The subject of the legal treatment of this issue is not new since the dispute began in the early years 2000. The challenge rests on the application of a section of the Consumer Code, Article L. 122-1 prohibiting sales called "contingent", ie in the jargon of Internet "Michu" tied selling.

The Consumer Code provides:
"It is forbidden to refuse to sell a consumer product or providing a service, without good reason, and make the sale of a product the purchase of a prescribed quantity or the concomitant purchase of another product or another service and to make the provision of a service that another service or purchase a product. "

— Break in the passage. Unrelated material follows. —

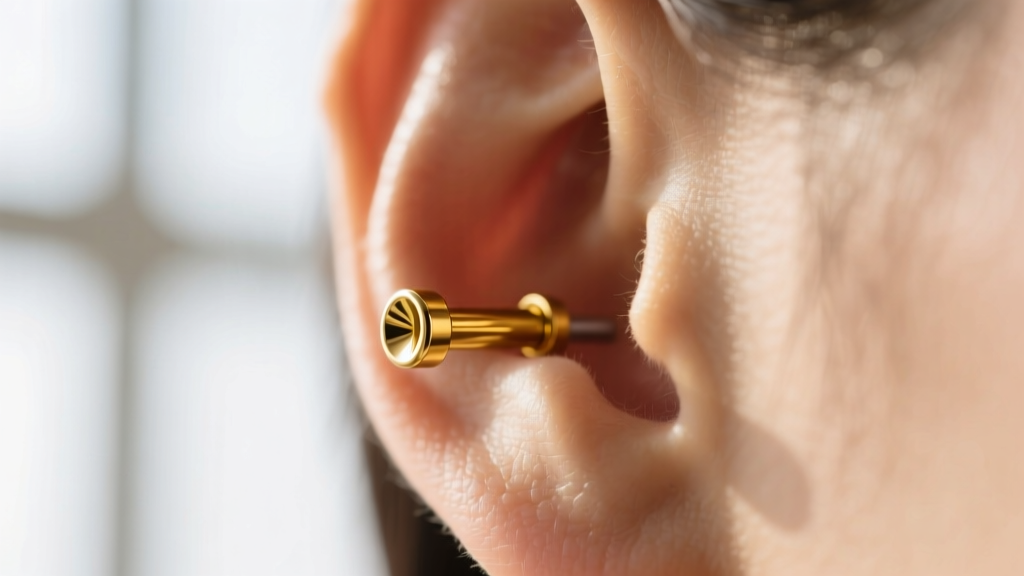 Macro shot of an 18-gauge solid yellow gold threadless end in a left ear helix piercing, showing the high-polish metal finish.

The application of this provision was the subject of several positions. The decision by the Ministry of Consumer Affairs in a 2005 ministerial response , but also many decisions mainly on local court .
Often
interpretation - divergent - Trial Courts came to an exception mentioned by the Court regarding the sale conditional on: the interests of consumers. Thus, "where commercial practice interest to the consumer " The sale is no longer qualified for conditional sale. And so the debate focused on whether a consumer is interested - at least practical - to have sold a computer with software including an operating system.

On this issue, two cases came before the Court of Cassation.

The first involved the acquisition December 6, 2007 for a Lenovo branded computer equipped with various software. In the absence of any possibility of obtaining reimbursement software, the consumer society then assigned to the local court of Tarascon. The trial judge refused to grant the request because " the parties' agreement was reached on a type of computer complete and ready for use and that the consumer had completed the acquisition, the ability to be reimbursed for the goods in their entirety . "Thus, the magistrate refused on the basis of Article L .122-1 sanction the practice of tying.

But the Supreme Court does not hear the same ear and breaks the Trial Judgement. Indeed, it acknowledges all the upheaval that is undergoing a Part of the French legislation protecting the consumer.

Indeed, French law knows several consumer protection provisions that have the effect of penalizing purely and simply a particular business practice. This is the case of tying, but also selling at a premium or pay operating lotteries. Community law is not the same sense that French law and the automatic condemnation of a practice is rare.

Therefore, in many disputes, the Court of Justice of the European Union recently - one might say - put a slap on some principles of French law because of an incompatibility of the latter with the Directive 2005/29/EC of 11 May 2005 , Commercial Practices Unfair business-to-consumer in the market. Indeed, once a "commercial practice" is involved, the analysis of the legal framework applicable to these business practices must be analyzed under the provisions of the directive and not French law.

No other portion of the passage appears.